The defense acknowledged that a coordinated trial would be difficult to conduct.  However, the Defendants were confident that settlement could be reached in many of the still-pending cases.  The defense predicted that once a decision was made regarding coordination and summary judgment, settlements would likely occur, especially if the Defendants could be assured that predictable, consistent decisions would be rendered on all dispositive and in limine motions.

Plaintiffs responded that convenience does not necessarily favor coordination.  Plaintiffs pointed out that many of the attorneys involved in this litigation have their offices in Philadelphia.  Plaintiffs also pointed out that none of the Plaintiffs or the Defendant drivers resided in Lebanon County.  Plaintiffs argued that litigation in Philadelphia would be more convenient for most of the people involved in this litigation.

Plaintiffs also pointed out how difficult a coordinated trial would be to conduct.  According to Plaintiffs, it would be impossible for a jury to be able to separate and independently analyze the situations confronting each individual driver.  One of the Plaintiff’s counsel even went so far as to argue that a joint trial would violate his client’s Constitutional right to Due Process of Law.
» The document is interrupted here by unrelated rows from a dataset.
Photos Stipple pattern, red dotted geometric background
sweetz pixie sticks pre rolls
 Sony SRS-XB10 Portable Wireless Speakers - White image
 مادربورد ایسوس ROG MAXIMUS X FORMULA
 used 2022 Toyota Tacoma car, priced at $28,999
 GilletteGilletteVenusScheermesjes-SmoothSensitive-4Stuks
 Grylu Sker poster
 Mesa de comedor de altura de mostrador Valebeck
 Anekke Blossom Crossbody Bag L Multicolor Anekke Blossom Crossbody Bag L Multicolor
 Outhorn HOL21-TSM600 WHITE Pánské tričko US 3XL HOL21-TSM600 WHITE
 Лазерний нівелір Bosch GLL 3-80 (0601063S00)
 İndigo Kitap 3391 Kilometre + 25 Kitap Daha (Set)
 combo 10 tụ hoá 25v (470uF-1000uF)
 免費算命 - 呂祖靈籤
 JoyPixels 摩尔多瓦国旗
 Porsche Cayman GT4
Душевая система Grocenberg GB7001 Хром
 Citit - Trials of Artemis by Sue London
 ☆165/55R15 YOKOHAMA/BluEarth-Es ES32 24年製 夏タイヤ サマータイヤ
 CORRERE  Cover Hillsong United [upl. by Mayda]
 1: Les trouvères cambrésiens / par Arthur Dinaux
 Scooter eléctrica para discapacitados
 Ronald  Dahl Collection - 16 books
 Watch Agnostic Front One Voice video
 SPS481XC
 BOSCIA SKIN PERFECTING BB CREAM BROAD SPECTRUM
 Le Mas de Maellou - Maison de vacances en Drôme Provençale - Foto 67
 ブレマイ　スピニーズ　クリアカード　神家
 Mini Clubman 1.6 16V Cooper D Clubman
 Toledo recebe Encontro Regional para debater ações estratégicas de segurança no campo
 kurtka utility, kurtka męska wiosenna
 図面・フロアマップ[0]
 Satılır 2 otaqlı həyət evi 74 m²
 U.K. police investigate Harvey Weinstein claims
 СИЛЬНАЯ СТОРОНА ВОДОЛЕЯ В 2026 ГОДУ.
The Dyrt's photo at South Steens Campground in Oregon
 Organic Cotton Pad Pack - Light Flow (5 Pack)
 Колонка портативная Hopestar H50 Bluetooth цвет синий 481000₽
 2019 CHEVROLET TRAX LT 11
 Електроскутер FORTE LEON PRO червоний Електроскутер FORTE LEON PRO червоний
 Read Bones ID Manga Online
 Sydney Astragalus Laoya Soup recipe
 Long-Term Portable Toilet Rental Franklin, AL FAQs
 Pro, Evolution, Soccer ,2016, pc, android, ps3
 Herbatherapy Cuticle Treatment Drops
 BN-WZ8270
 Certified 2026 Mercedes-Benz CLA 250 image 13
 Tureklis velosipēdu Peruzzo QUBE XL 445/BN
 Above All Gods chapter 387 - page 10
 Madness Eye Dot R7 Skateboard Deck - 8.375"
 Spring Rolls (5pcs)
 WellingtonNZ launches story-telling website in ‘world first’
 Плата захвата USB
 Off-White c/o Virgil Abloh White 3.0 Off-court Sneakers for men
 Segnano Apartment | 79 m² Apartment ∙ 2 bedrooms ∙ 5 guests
Most counsel agreed that if the proceedings were to be coordinated, a final decision about the methodology of trial could be deferred until the Pre-Trial Conference, when everyone would have a better sense of how many cases will actually have to be tried.[iii]  Because we requested it, however, all counsel proffered ideas as to how a coordinated trial could be conducted.  One Defendant suggested the selection of a so-called “bellwether trial” that could serve as a laboratory experiment of sorts.  This Defendant argued that a bellwether would afford everyone with solid information about how a Lebanon County jury would view the facts of this case.  Other attorneys pointed out that conducting a bellwether trial does not guarantee settlement and opens the door to many of the same problems that coordination is designed to mitigate.  Another Defendant offered the idea of “grouping” cases together predicated upon which of the so-called “blocking defendants” impeded the progress of that grouping.  Other litigants pointed out that selecting groups to be tried would be difficult and maybe impossible.  Of course, everyone acknowledged that establishing groupings at this early date would not be appropriate given the possibility that some cases will settle.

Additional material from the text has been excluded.